**Input data**
____________________
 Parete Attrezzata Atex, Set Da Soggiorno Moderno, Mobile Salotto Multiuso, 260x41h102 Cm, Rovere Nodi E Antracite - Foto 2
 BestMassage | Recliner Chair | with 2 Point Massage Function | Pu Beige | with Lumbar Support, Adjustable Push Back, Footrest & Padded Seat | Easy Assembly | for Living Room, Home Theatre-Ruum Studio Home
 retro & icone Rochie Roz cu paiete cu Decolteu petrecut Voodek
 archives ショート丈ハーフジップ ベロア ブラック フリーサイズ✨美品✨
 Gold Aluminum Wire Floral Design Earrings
____________________
**What you should do**
Repeat the lines above with every word intact.

**Exercise answer**
 Parete Attrezzata Atex, Set Da Soggiorno Moderno, Mobile Salotto Multiuso, 260x41h102 Cm, Rovere Nodi E Antracite - Foto 2
 BestMassage | Recliner Chair | with 2 Point Massage Function | Pu Beige | with Lumbar Support, Adjustable Push Back, Footrest & Padded Seat | Easy Assembly | for Living Room, Home Theatre-Ruum Studio Home
 retro & icone Rochie Roz cu paiete cu Decolteu petrecut Voodek
 archives ショート丈ハーフジップ ベロア ブラック フリーサイズ✨美品✨
 Gold Aluminum Wire Floral Design Earrings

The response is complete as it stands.